Cultural Best Practices

We try hard to foster the following norms and attitudes for the benefit of the on-call engineers, and by extension, the company as a whole.

The people who are on call want to be on call. Engineers who’ve freely taken on the obligation (and are being compensated for it) are more motivated when responding to incidents. Having experienced workplaces where on-call work was mandatory or close to mandatory, I can personally attest to the positive atmosphere engendered by a voluntary on-call policy.

Practical matters like shift cadences are decided collectively by the engineers in the rotation. The rotation administrator leads the decision-making process but does not act unilaterally. This is why not all of SoundCloud’s rotations have the same shift patterns, shift handover times, procedures for trading or giving away shifts, and so on. Each rotation is free to do what works best for its members.

On-call engineers often spend some of their normal working day looking into minor operational issues to prevent these issues worsening and having to page someone out of hours.

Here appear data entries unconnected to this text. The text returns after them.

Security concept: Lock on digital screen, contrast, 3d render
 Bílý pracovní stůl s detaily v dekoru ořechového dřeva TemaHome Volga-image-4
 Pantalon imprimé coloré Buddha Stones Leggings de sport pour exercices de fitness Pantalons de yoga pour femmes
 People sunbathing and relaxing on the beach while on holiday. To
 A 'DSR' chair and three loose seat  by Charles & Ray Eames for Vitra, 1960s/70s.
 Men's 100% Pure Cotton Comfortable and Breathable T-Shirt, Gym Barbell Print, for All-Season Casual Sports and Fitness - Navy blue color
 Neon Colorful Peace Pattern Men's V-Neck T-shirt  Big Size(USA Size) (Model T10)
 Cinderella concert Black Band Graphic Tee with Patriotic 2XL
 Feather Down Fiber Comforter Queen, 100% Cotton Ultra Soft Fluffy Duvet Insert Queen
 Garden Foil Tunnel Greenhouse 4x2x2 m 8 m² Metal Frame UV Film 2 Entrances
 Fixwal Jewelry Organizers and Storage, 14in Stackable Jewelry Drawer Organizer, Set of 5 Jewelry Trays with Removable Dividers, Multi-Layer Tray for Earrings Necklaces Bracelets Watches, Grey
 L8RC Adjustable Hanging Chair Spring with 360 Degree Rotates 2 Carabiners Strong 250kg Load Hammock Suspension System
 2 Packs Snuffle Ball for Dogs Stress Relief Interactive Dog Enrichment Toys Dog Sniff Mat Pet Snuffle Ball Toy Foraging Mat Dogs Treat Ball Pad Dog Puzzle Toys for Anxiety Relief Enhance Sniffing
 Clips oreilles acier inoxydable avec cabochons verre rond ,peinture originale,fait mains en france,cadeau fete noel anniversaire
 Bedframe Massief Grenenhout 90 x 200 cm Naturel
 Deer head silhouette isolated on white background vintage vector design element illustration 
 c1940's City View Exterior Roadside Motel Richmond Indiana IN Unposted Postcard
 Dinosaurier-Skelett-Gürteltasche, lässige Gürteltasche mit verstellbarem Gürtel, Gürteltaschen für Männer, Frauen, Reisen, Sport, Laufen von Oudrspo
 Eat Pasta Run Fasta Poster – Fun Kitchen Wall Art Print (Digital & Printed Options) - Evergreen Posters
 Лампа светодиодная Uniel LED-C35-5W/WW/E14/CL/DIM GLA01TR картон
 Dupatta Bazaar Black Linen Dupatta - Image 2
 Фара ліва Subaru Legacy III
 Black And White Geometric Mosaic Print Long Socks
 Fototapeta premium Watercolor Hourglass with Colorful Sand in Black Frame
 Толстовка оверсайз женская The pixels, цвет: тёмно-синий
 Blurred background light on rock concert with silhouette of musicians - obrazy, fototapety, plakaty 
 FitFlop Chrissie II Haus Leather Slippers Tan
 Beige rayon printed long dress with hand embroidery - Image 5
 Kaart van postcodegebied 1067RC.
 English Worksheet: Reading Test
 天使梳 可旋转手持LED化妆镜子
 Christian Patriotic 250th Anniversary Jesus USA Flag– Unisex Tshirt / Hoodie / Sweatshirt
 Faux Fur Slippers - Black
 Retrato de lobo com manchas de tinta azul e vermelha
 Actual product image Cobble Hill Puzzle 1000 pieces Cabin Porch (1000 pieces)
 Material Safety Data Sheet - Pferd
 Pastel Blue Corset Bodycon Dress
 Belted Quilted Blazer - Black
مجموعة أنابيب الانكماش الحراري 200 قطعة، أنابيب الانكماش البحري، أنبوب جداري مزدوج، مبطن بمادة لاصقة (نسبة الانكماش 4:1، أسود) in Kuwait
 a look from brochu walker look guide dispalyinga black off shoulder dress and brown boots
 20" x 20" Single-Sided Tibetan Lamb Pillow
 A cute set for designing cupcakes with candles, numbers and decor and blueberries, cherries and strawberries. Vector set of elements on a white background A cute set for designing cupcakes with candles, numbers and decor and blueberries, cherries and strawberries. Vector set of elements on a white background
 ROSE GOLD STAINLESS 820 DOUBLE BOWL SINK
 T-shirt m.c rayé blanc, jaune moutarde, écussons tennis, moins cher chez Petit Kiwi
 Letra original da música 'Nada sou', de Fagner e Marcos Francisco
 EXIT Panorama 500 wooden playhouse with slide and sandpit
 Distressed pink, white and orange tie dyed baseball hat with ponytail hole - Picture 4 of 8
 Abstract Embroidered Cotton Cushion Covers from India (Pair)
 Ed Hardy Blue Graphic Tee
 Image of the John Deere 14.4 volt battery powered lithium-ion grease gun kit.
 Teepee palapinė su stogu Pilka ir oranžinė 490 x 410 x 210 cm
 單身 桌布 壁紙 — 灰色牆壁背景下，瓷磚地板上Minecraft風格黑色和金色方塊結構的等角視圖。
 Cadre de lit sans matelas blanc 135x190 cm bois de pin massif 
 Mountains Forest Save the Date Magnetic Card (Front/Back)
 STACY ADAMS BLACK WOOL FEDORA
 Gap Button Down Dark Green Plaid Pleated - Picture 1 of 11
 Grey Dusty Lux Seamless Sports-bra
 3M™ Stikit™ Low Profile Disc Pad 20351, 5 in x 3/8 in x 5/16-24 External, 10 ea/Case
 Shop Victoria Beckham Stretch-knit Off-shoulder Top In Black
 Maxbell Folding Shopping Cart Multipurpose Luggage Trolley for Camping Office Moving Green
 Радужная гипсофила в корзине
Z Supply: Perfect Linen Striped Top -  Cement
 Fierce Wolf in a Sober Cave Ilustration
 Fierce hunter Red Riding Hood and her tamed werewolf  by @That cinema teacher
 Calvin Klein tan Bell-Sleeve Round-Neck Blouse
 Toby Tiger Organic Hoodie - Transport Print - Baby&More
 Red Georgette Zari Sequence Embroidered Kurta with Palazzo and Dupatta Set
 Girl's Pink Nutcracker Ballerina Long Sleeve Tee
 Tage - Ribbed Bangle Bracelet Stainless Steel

When responding to incidents, engineers can always ask for help by paging other engineers. This is something we stress multiple times during on-call onboarding. It’s a cornerstone of a healthy, high-trust on-call culture. Nobody enjoys getting a second-level support page in the middle of the night, but responding (if possible) is an important act of empathy for the engineer who needs help. It’s also an investment in training them to handle the situation autonomously in the future.

In addition to feeling free to ask for help, engineers also feel free to hand work over to others after a reasonable length of time. For major or long-running incidents, we encourage engineers to hand over after four hours — or sooner if they become too tired to work effectively.

The most important cultural practice — which influences all the other cultural practices I’ve discussed — is fostering a learning culture rather than a blame culture. This truly can’t be emphasized enough. Mistakes are an inevitable part of incident response. Learning from mistakes builds a stronger, more technically proficient engineering organization. Punishing people for mistakes makes engineers afraid to act in new situations, afraid to ask for help when they need it, and afraid to be transparent. Ultimately, engineers will choose to leave the on-call rotations or even the company if there’s a culture of blame.

When a Major Incident Happens

Responding to a total site outage or other severe incident is stressful for all involved. It’s also a stress test for a company’s on-call culture. It’s more important than ever for engineers to work well together and trust each other. They’ll resolve the incident faster if they feel comfortable admitting what they don’t know, asking for help from others, being honest if they make mistakes, and speaking up if they’re too tired to carry on.

The time to foster these behaviors is before a major incident occurs. Engineers learn them from experience, by responding to smaller incidents and interacting with their colleagues. In this sense, smaller incidents are essentially practice for larger incidents.

Conclusions

Underpinning all the practices and behaviors I’ve described in this article is one thing: respect. Companies that respect their engineers institute policies that enable those engineers to do their best work. Engineers who respect each other help each other succeed, and in turn, help the company succeed. This applies to on-call rotations as well as the wider engineering culture. When mutual respect exists, everyone wins.